The event took place between 2 and 4PM and was free to any visitors, although a donation of around £3 was suggested.
“The Eco Larder’s first birthday party was a really fun and exciting event,” one volunteer said. “It is great to see how much success they have achieved with their zero waste movement and their initiative in helping Edinburgh become more sustainable is inspired!”
While Stephanie was pregnant, the couple began to consider how they could help to make the world greener for their daughter Jasmina, and decided to found The Eco Larder to help reduce plastic waste.
“It’s also about making one’s carbon footprint as small as possible,” the owners explain. “This doesn’t always quite align with plastic waste, but both of these areas are very important to focus on. We want to make a difference in people’s plastic and carbon footprints.”
Celebrating the community is an integral part of The Eco Larder’s philosophy.
The shop was initially founded with the help of a crowdfunding website, through which over £22,000 was raised with the help of nearly 500 supporters.
At the birthday celebration, time was set aside at the end so that members of the community could bring their own ideas and suggestions to the table.
The Eco Larder also has plenty of opportunities for volunteers to help out and make a difference.
The event also served as an opportunity to reflect on the past year. On the shop’s social media accounts, they have posted statistics about the types of plastic waste that their products have helped to avoid, as well as how much of each one.

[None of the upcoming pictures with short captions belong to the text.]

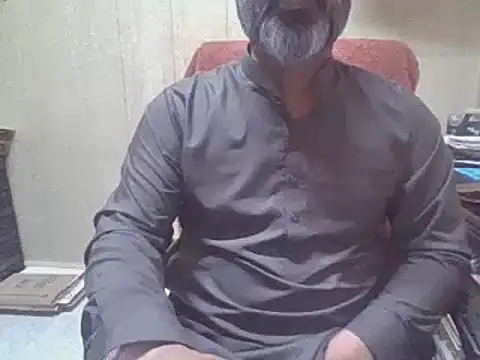 Snapshot of hairymaster95 chatting on September 2025 05:33:02 AM hairymaster95 online show from September 2025 05:33:02 AM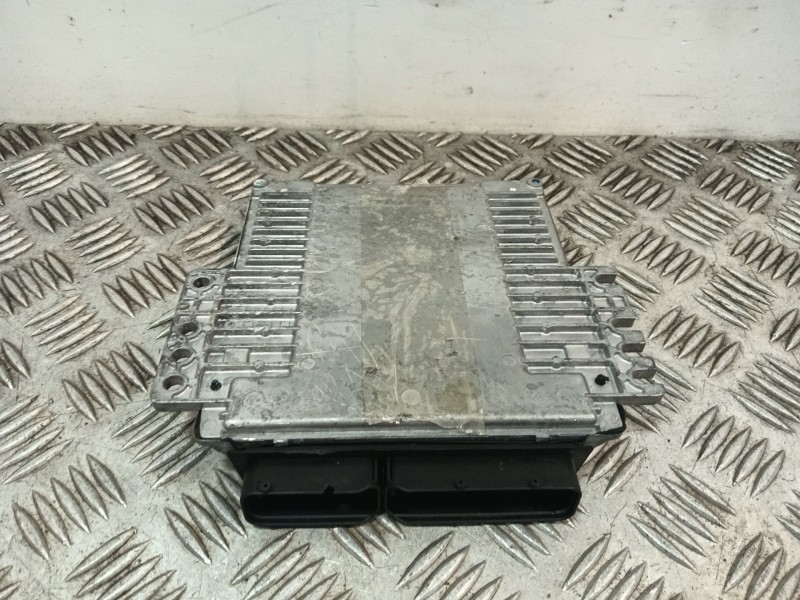 Recambio de centralita motor uce para nissan pathfinder iii (r51) 4.0 4wd referencia OEM IAM MEC70700  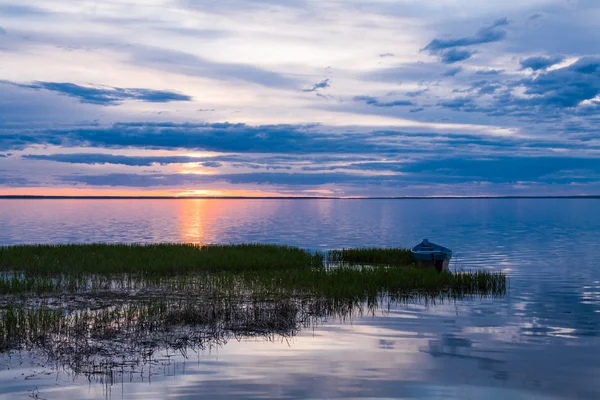 Lonely boat — Stock Photo, Image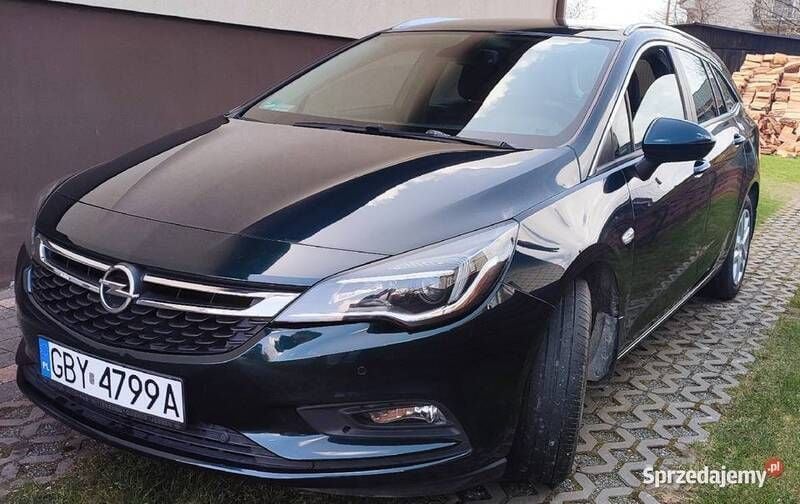 Używany Opel Astra 2016 Zielony Sedan/Limuzyna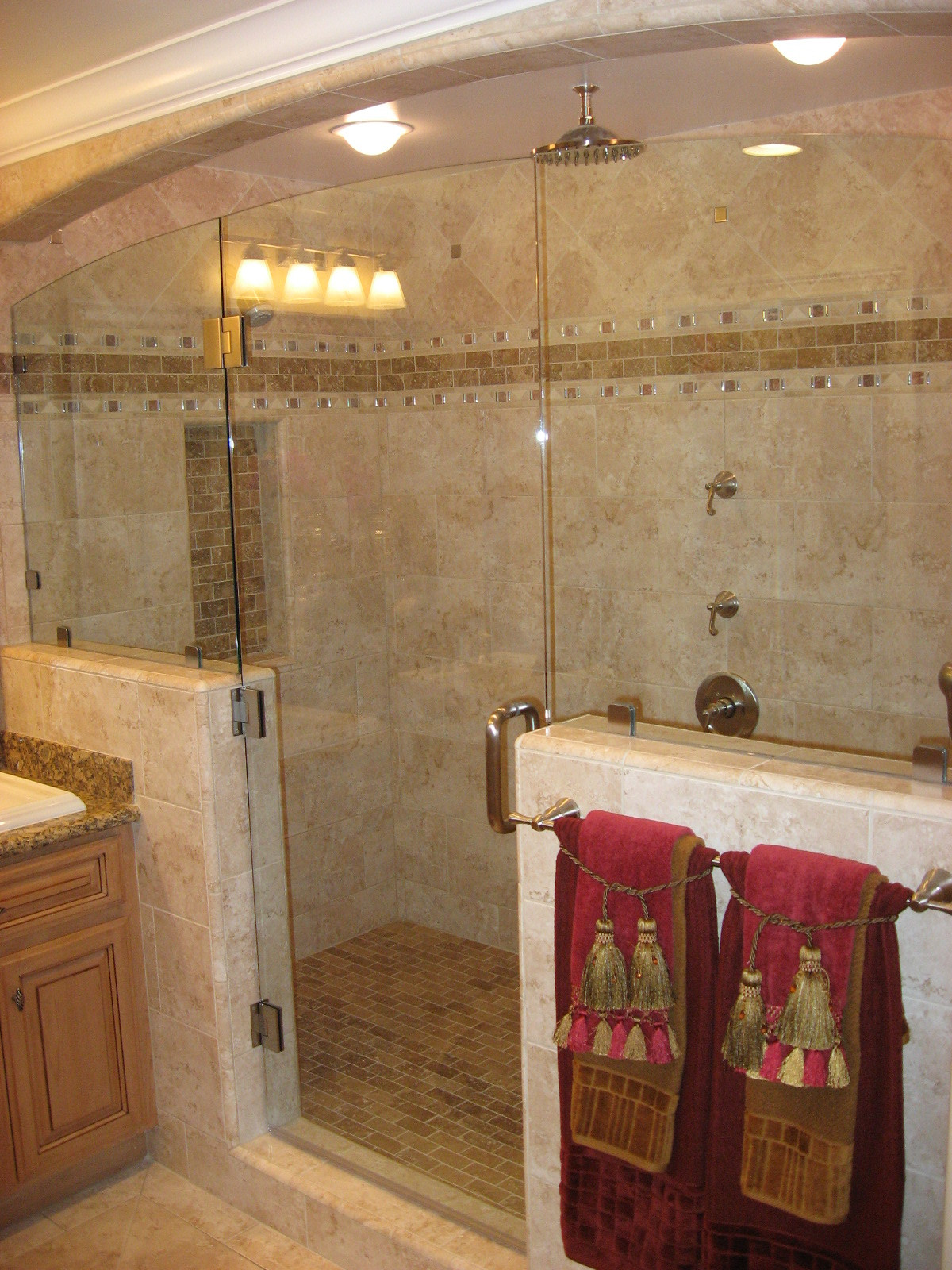 Bathroom Shower Tile Ideas
 Tile Bathroom Shower s Design Ideas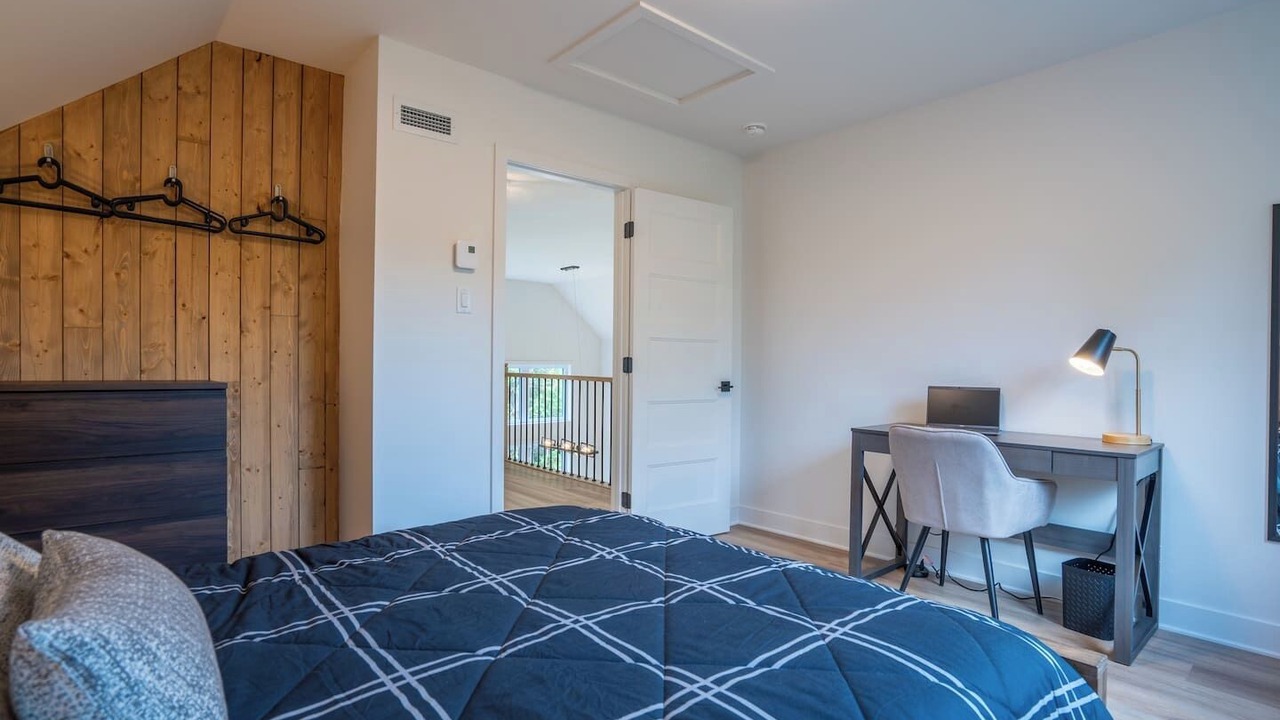Photo of Bedroom in Lac-Swell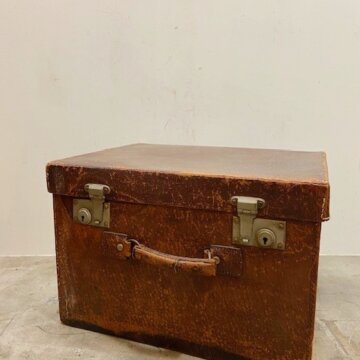 Vintage Trunk【B1820】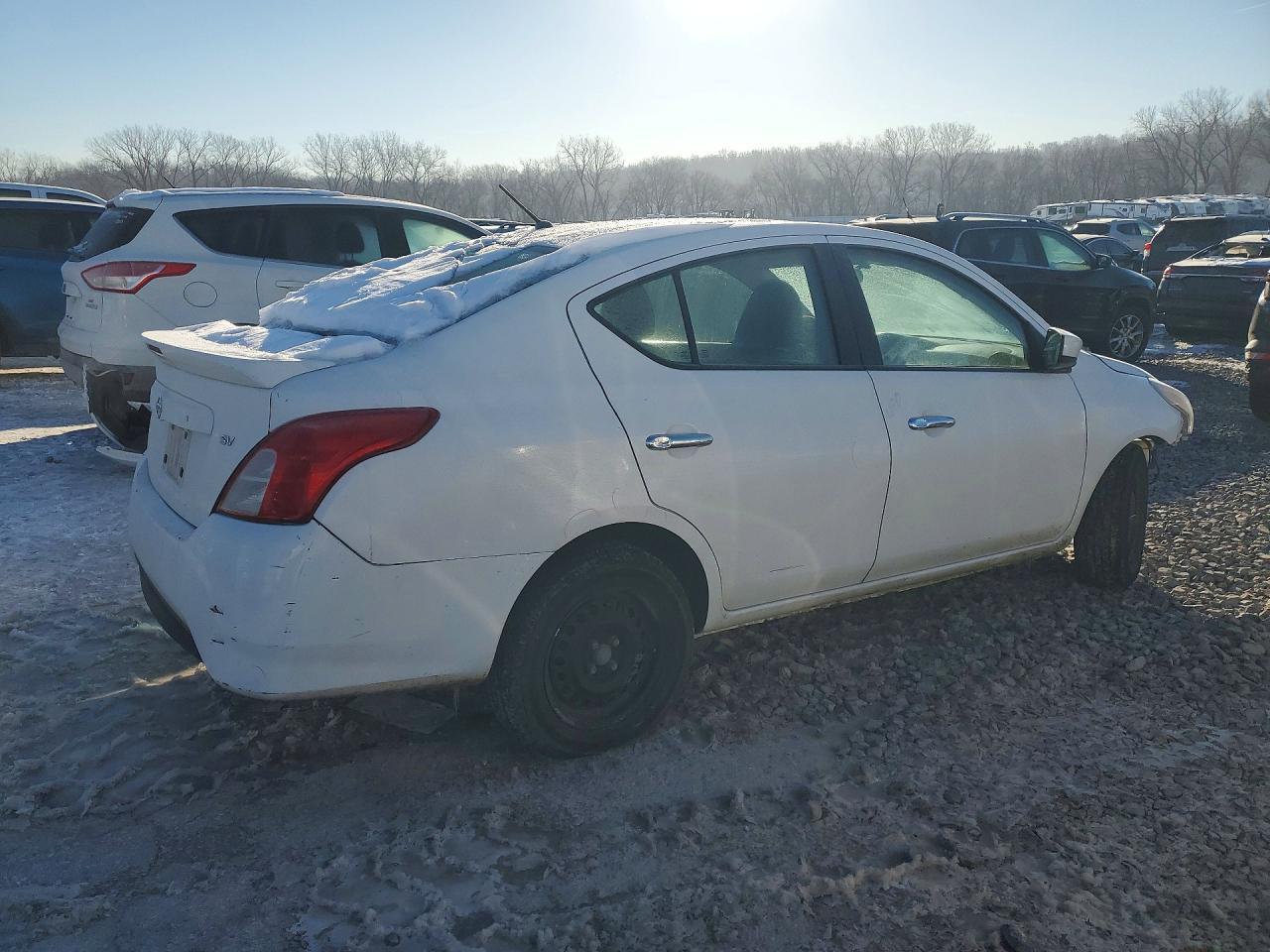 2018 NISSAN VERSA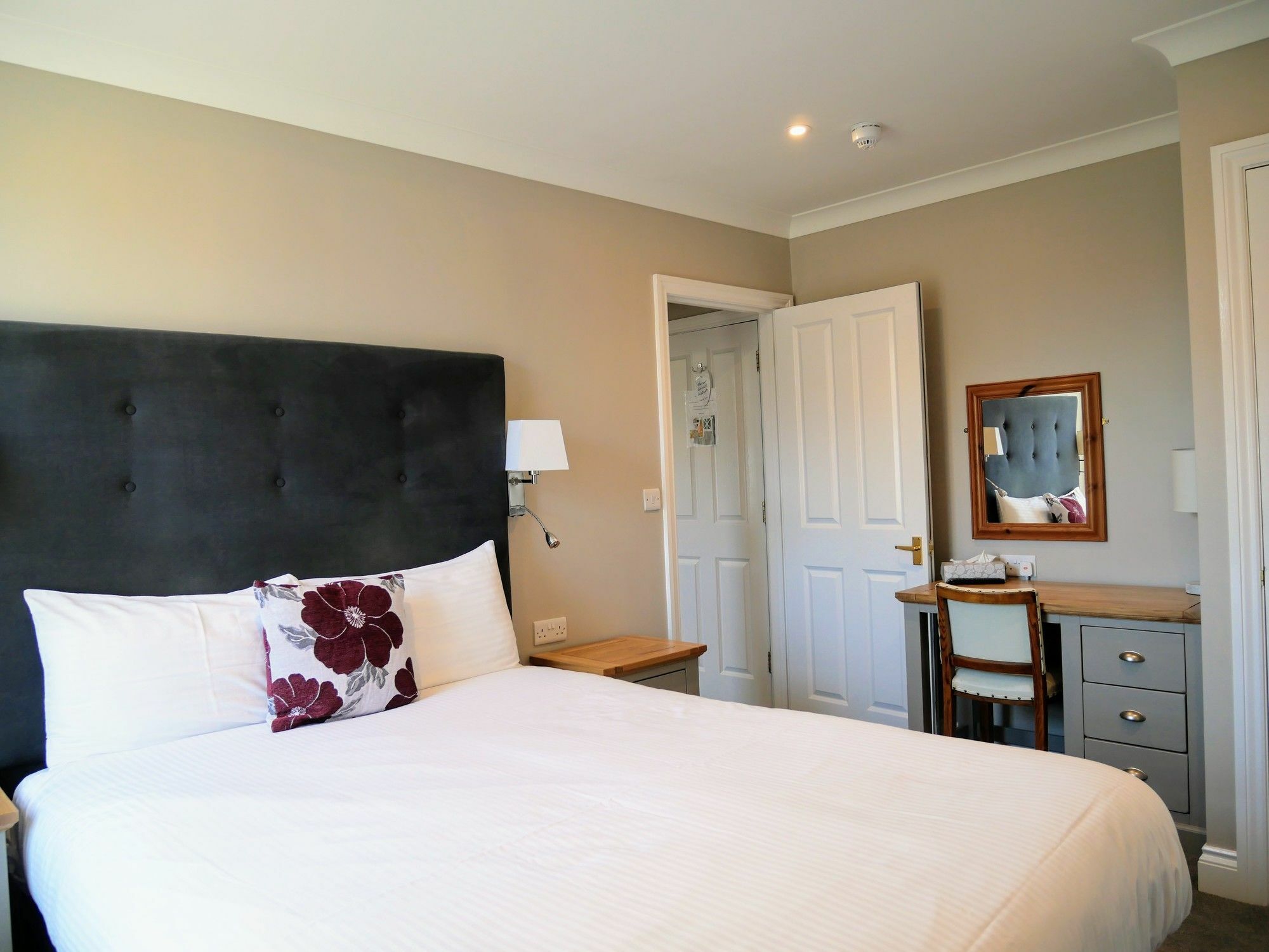 Peartree Serviced Apartments Salisbury Exterior photo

One example is soap. The Eco Larder’s soap bars and soap refilling stations have helped to avoid 503 bottles of liquid soap, which equates to roughly 38 kilos of waste. In total, they have avoided over 100,000 pieces of packaging going to landfills this year.
Aside from soap products, The Eco Larder also sells an assortment of other products. They carry various toiletries – including shaving bars, deodorant, and skincare products – as well as cleaning products and various foods.
All of their products are fairtrade. The majority are locally made, with some being prepared in the shop itself. Their fruits, vegetables, spices, and legumes are sold plastic-free. Customers can buy containers, or bring their own, and then weigh the product they want to purchase and pay by weight.
“We have saved the most plastic with our milk bottles, which you can refill from the vending machine; our orange juice machine; and our oil refill station,” owner Matt said on the subject.
In the coming year, The Eco Larder aim to set their targets even higher. The owners are hoping to continue stocking more diverse products.
All of their previous activities, including beach cleans, yoga sessions, and crafting workshops, will continue running. Hopefully, this time next year The Eco Larder will be able to announce that they have saved even more waste from going into landfills.